7.21 In the event of any Third Party challenge to the validity of any Patent Rights, the Enforcing Party shall have the sole right to decide upon and to implement the course of action with respect to such challenge (including but not limited to, the decision to defend, not to defend or settle such challenge) at its own cost or expense and the other Party shall reasonably assist in any defence at the cost of the Enforcing Party (including, without limitation the provision of information and expertise relating to the relevant Patent Rights). Notwithstanding the foregoing, if DNDi is the Enforcing Party and fails to take action within six (6) months after having been alerted to the Third Party challenge to the validity of DNDi’s Patent Rights, Entasis may give notice to DNDi demanding that DNDi take such action within thirty (30) days of the date of the notice and, if DNDi does not do so, Entasis shall be entitled to take such actions at its own cost and expense in which case DNDi shall transfer to Entasis the conduct of any actions. DNDi shall provide all necessary assistance to Entasis in relation to such actions at Entasis’s cost. Entasis shall have the sole right to settle such actions. If Entasis succeeds in such proceedings, for any amounts attributable to lost sales of Drug Product in the DNDi Territory, such amounts will be distributed to DNDi and any other amounts will be retained by Entasis. 
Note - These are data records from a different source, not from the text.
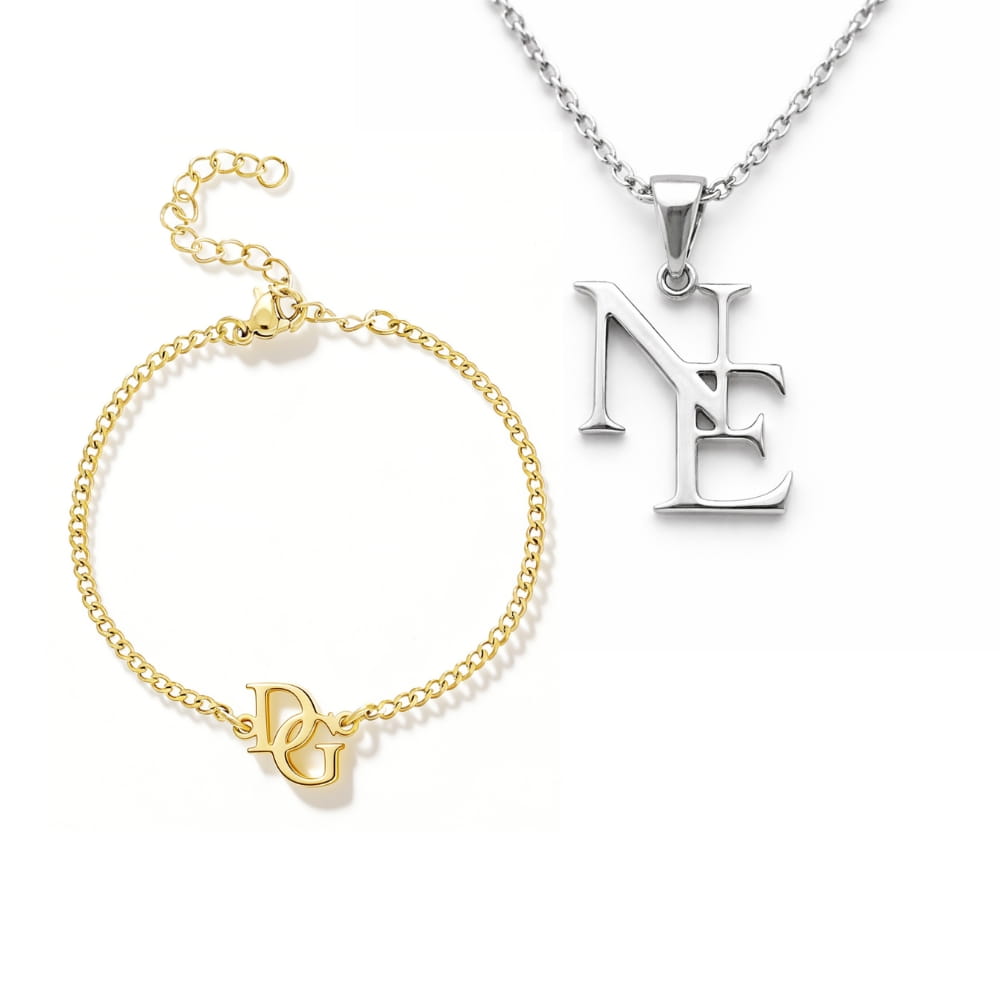 Set d’initiales entrelacées – Collier et bracelet personnalisés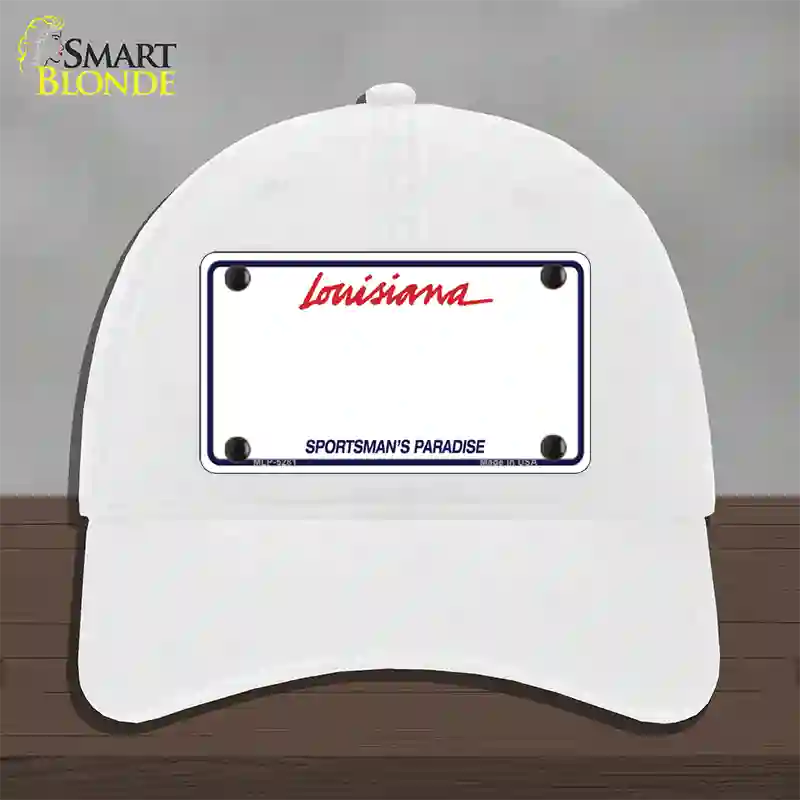 Louisiana Sportsman Blank Plate Novelty License Plate Hat Unconstructed Cotton / White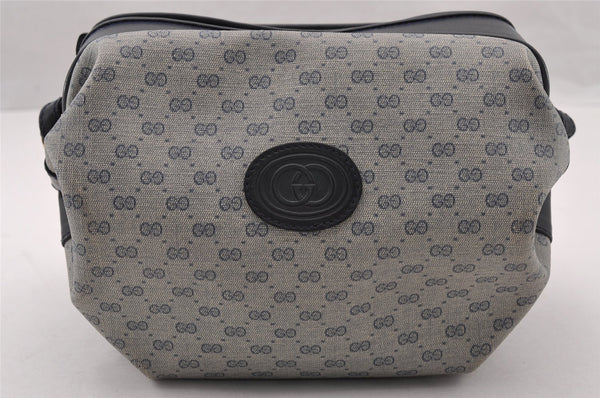 Authentic GUCCI Micro GG PVC Leather Shoulder Cross Body Bag Navy Blue 4792I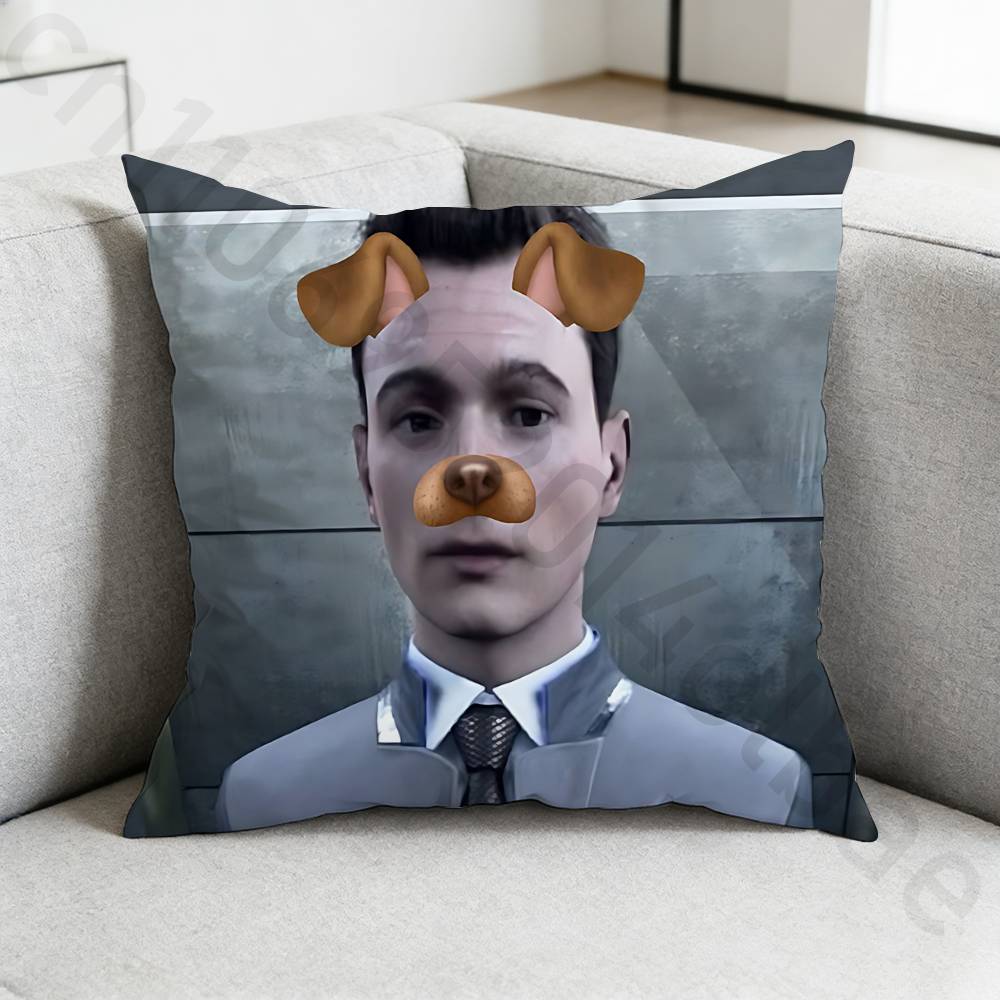 DDetroit Become Human Game Pillow Case Sofa Living Room Bedroom Headboard Backrest Cushion Square Cushion Nap Time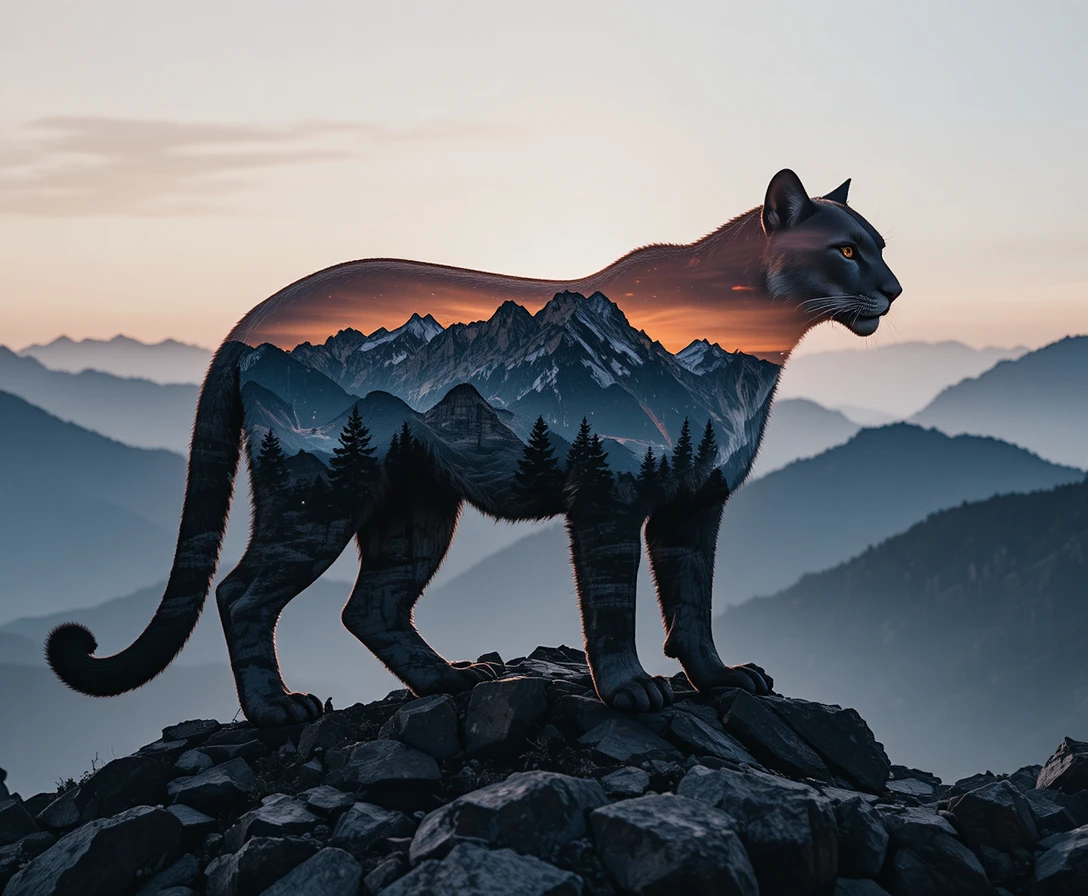 Doble exposición de silueta de león con atardecer luminoso en la montaña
7.22 If either Party receives a formal notice from a Third Party that the development, Manufacture or Commercialisation of the Drug Product in its Territory under this Agreement infringes or otherwise violates the intellectual property rights of such Third Party in its Territory or a part thereof, then such Party must promptly notify the other Party in writing of such allegation. As soon as reasonably practicable after the receipt of such notice, the Parties will meet and consider the course of appropriate  action with respect to such allegation of infringement. In such instance, each Party will, have the right to defend any action naming it; however, at all times the Parties will cooperate, share all material notices and filings in a timely manner, provide all reasonable assistance to each other and use good faith efforts to mutually agree upon an appropriate course of action, including, as appropriate, the preparation of material court filings and any discussions concerning a potential defence and/or settlement of any such claim. The rights and obligations set out in this paragraph will apply even if only one Party defends any such claimed infringement action commenced by a Third Party. A non-owning Party will not enter into any settlement of such proceedings without the owning Party’s prior consent, not to be unreasonably withheld or delayed. 

7.23 The Parties agree to use commercially reasonable endeavors to cooperate in an effort to avoid loss of Patent Rights related to the Drug Product including by executing any documents as may be reasonably required.